5.6 Forecasting with regression

Recall that predictions of \(y\) can be obtained using equation (5.2), \[ \hat{y_t} = \hat\beta_{0} + \hat\beta_{1} x_{1,t} + \hat\beta_{2} x_{2,t} + \cdots + \hat\beta_{k} x_{k,t},\] which comprises the estimated coefficients and ignores the error in the regression equation. Plugging in the values of the predictor variables \(x_{1,t},\ldots,x_{k,t}\) for \(t=1,\ldots,T\) returned the fitted (training-sample) values of \(y\). What we are interested in here is forecasting future values of \(y\).

Ex-ante versus ex-post forecasts

When using regression models for time series data, we need to distinguish between the different types of forecasts that can be produced, depending on what is assumed to be known when the forecasts are computed.

Ex ante forecasts are those that are made using only the information that is available in advance. For example, ex-ante forecasts for the percentage change in US consumption for quarters following the end of the sample, should only use information that was available up to and including 2016 Q3. These are genuine forecasts, made in advance using whatever information is available at the time. Therefore in order to generate ex-ante forecasts, the model requires future values (forecasts) of the predictors. To obtain these we can use one of the simple methods introduced in Section 3.1 or more sophisticated pure time series approaches that follow in Chapters 7 and 8. Alternatively, forecasts from some other source, such as a government agency, may be available and can be used.

Ex post forecasts are those that are made using later information on the predictors. For example, ex post forecasts of consumption may use the actual observations of the predictors, once these have been observed. These are not genuine forecasts, but are useful for studying the behaviour of forecasting models.

The model from which ex-post forecasts are produced should not be estimated using data from the forecast period. That is, ex-post forecasts can assume knowledge of the predictor variables (the \(x\) variables), but should not assume knowledge of the data that are to be forecast (the \(y\) variable).

A comparative evaluation of ex-ante forecasts and ex-post forecasts can help to separate out the sources of forecast uncertainty. This will show whether forecast errors have arisen due to poor forecasts of the predictor or due to a poor forecasting model.
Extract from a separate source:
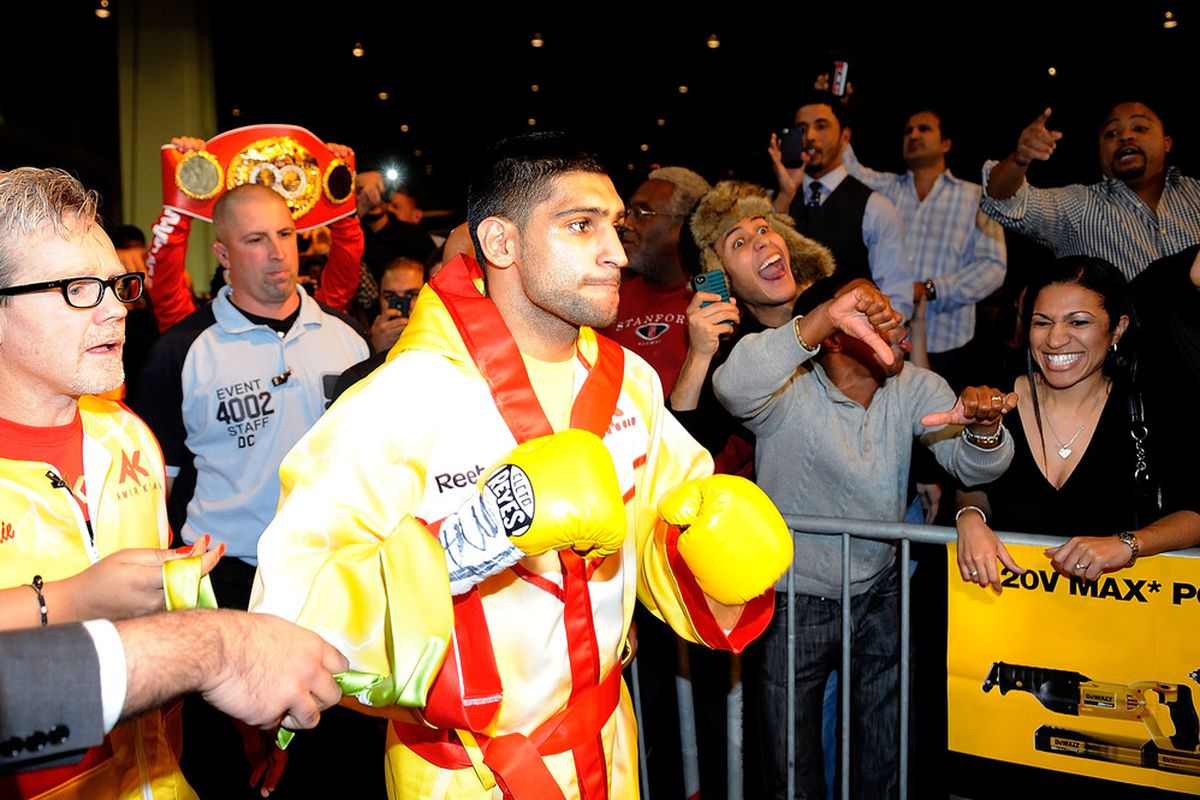 Amir Khan will make his return in July. (Photo by Patrick McDermott/Getty Images)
Example: Australian quarterly beer production

Normally, we cannot use actual future values of the predictor variables when producing ex-ante forecasts because their values will not be known in advance. However, the special predictors introduced in Section 5.3 are all known in advance, as they are based on calendar variables (e.g., seasonal dummy variables or public holiday indicators) or deterministic functions of time (e.g. time trend). In such cases, there is no difference between ex ante and ex post forecasts.
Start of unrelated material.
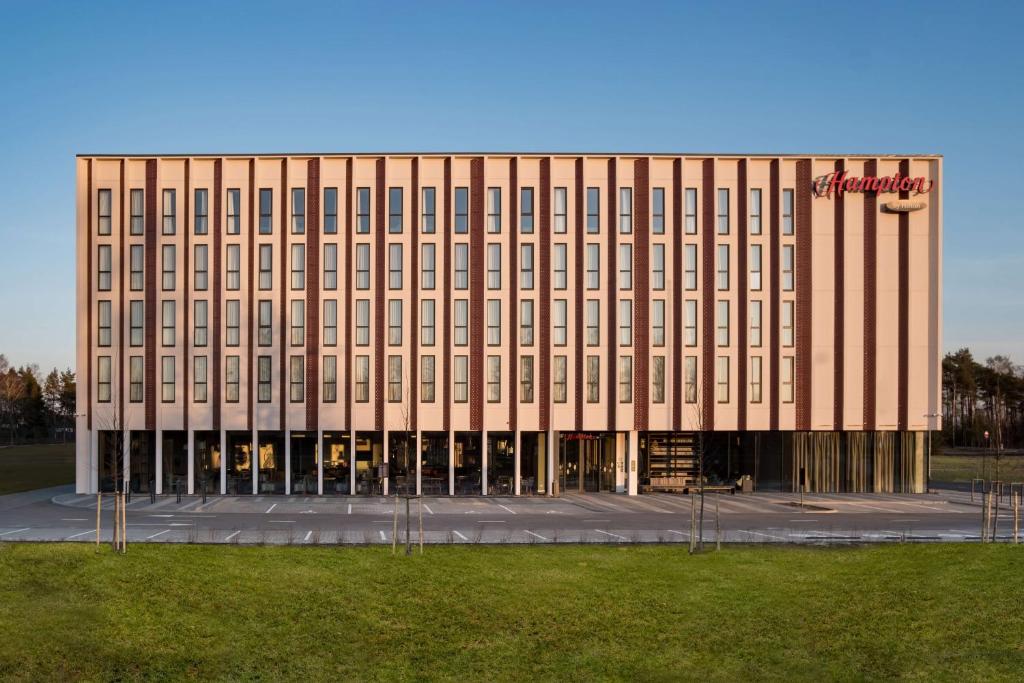 a large building with a sign on the front of it at Hampton by Hilton Riga Airport in Rīga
beer2 <- window(ausbeer, start=1992)
fit.beer <- tslm(beer2 ~ trend + season)
fcast <- forecast(fit.beer)
autoplot(fcast) +
  ggtitle("Forecasts of beer production using linear regression")
Forecasts from the regression model for beer production. The dark shaded region shows 80% prediction intervals and the light shaded region shows 95% prediction intervals.

Figure 5.17: Forecasts from the regression model for beer production. The dark shaded region shows 80% prediction intervals and the light shaded region shows 95% prediction intervals.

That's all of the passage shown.